Records contained in a dataset
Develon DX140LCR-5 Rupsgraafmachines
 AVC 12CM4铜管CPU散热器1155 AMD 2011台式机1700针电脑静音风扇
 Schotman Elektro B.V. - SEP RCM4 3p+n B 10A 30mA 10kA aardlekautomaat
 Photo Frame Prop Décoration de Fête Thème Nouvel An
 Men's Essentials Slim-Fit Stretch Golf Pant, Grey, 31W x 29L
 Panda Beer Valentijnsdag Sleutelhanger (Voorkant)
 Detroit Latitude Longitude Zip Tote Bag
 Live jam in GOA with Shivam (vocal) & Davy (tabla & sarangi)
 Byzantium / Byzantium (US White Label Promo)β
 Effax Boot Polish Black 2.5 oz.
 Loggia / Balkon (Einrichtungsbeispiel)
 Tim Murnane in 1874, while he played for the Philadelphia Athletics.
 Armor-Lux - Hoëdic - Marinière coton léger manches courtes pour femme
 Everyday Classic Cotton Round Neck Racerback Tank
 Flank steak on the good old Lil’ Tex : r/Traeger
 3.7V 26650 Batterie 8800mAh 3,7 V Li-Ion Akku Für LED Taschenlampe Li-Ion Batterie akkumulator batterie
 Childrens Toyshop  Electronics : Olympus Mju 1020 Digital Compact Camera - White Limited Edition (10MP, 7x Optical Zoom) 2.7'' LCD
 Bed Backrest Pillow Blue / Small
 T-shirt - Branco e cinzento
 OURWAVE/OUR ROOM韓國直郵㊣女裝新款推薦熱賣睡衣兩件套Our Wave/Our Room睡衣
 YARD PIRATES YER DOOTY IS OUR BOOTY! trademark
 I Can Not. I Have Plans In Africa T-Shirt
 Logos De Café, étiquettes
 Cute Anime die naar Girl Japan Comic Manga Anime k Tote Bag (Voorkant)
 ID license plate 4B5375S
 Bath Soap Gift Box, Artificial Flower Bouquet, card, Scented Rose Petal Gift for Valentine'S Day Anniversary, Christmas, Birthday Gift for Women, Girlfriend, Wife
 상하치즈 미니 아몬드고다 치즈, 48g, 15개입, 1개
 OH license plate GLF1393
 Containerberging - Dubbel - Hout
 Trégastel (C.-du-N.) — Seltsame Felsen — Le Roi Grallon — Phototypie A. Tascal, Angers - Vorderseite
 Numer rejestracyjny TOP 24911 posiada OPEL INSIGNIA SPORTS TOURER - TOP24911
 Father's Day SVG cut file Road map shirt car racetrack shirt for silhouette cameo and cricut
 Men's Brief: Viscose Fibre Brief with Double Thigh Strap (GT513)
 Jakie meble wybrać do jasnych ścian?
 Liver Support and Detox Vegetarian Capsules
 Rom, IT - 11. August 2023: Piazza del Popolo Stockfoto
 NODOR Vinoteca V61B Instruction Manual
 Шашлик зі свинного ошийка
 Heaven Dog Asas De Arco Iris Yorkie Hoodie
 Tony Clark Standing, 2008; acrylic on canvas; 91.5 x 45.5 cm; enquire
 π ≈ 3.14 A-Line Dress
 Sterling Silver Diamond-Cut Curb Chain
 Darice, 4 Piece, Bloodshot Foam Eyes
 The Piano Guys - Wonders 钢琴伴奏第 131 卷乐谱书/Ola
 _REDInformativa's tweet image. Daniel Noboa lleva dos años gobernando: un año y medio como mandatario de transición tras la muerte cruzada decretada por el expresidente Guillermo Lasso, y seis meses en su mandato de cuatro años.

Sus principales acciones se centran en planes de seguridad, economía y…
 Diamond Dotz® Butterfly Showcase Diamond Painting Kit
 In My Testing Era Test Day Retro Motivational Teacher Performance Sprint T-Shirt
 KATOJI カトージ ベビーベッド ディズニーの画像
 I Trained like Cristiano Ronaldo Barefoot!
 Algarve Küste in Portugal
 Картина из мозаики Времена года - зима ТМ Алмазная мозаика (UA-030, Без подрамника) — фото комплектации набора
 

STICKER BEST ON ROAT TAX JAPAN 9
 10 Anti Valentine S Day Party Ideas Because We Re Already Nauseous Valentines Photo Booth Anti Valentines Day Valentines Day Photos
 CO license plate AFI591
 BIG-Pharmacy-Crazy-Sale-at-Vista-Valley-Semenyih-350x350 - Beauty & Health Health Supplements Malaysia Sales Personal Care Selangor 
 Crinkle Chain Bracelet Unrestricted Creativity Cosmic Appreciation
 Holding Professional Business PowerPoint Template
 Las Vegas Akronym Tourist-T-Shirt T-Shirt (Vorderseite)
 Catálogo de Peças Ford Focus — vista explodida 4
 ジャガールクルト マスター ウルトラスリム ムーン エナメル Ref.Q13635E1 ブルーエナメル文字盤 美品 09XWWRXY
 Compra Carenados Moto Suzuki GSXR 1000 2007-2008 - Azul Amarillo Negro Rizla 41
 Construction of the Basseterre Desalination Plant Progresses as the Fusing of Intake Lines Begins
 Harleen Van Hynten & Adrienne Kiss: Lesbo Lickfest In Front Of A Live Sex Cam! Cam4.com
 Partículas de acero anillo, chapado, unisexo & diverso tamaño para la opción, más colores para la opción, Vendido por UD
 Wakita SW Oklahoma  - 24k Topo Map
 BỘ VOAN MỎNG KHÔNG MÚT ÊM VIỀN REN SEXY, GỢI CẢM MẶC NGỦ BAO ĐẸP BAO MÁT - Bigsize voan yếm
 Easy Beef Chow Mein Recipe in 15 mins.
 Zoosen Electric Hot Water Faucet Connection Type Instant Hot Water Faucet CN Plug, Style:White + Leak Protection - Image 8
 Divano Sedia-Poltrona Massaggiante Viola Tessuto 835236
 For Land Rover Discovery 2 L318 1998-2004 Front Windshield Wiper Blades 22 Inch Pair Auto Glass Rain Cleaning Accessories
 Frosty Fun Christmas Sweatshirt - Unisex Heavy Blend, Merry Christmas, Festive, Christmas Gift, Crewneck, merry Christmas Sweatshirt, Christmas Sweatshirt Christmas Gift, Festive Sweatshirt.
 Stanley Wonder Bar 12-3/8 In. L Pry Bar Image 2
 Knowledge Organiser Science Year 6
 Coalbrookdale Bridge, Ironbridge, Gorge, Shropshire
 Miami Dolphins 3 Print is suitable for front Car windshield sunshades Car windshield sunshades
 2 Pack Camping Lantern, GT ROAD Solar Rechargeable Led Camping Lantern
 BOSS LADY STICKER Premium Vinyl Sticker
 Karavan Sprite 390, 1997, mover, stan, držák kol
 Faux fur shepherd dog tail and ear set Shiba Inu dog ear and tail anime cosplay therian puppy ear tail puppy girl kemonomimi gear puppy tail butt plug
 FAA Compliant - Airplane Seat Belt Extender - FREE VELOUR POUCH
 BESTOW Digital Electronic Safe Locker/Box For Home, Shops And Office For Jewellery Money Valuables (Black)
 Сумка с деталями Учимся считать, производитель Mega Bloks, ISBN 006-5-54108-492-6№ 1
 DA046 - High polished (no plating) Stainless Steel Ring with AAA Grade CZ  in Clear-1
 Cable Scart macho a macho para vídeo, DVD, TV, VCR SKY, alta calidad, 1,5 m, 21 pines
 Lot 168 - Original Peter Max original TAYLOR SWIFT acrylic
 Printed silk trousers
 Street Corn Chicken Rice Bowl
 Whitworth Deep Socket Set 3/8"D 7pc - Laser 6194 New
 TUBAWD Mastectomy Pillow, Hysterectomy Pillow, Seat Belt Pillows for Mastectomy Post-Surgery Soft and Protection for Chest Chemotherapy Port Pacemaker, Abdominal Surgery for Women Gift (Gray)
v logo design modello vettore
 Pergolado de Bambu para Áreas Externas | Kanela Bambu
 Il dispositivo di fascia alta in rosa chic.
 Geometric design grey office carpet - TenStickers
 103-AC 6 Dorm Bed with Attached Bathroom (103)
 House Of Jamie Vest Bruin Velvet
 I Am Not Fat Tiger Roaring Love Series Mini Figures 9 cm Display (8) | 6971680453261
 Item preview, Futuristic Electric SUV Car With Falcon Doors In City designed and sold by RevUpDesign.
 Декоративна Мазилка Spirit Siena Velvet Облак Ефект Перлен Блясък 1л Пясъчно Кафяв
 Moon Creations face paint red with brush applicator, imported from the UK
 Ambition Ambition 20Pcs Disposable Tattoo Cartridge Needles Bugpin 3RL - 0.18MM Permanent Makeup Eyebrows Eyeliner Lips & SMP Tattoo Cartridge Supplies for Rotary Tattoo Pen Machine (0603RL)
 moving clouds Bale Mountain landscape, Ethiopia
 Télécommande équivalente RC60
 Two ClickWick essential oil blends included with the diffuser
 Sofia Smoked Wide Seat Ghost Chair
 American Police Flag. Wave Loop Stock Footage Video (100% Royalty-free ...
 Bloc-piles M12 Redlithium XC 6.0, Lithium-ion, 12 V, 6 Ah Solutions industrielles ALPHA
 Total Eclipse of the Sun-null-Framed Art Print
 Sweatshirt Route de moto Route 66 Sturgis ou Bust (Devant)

**What is expected**
Start with the first line of the data and print every line exactly. The line containing "Everyday Classic Cotton" is the last one to include.

**Solution for this problem**
Develon DX140LCR-5 Rupsgraafmachines
 AVC 12CM4铜管CPU散热器1155 AMD 2011台式机1700针电脑静音风扇
 Schotman Elektro B.V. - SEP RCM4 3p+n B 10A 30mA 10kA aardlekautomaat
 Photo Frame Prop Décoration de Fête Thème Nouvel An
 Men's Essentials Slim-Fit Stretch Golf Pant, Grey, 31W x 29L
 Panda Beer Valentijnsdag Sleutelhanger (Voorkant)
 Detroit Latitude Longitude Zip Tote Bag
 Live jam in GOA with Shivam (vocal) & Davy (tabla & sarangi)
 Byzantium / Byzantium (US White Label Promo)β
 Effax Boot Polish Black 2.5 oz.
 Loggia / Balkon (Einrichtungsbeispiel)
 Tim Murnane in 1874, while he played for the Philadelphia Athletics.
 Armor-Lux - Hoëdic - Marinière coton léger manches courtes pour femme
 Everyday Classic Cotton Round Neck Racerback Tank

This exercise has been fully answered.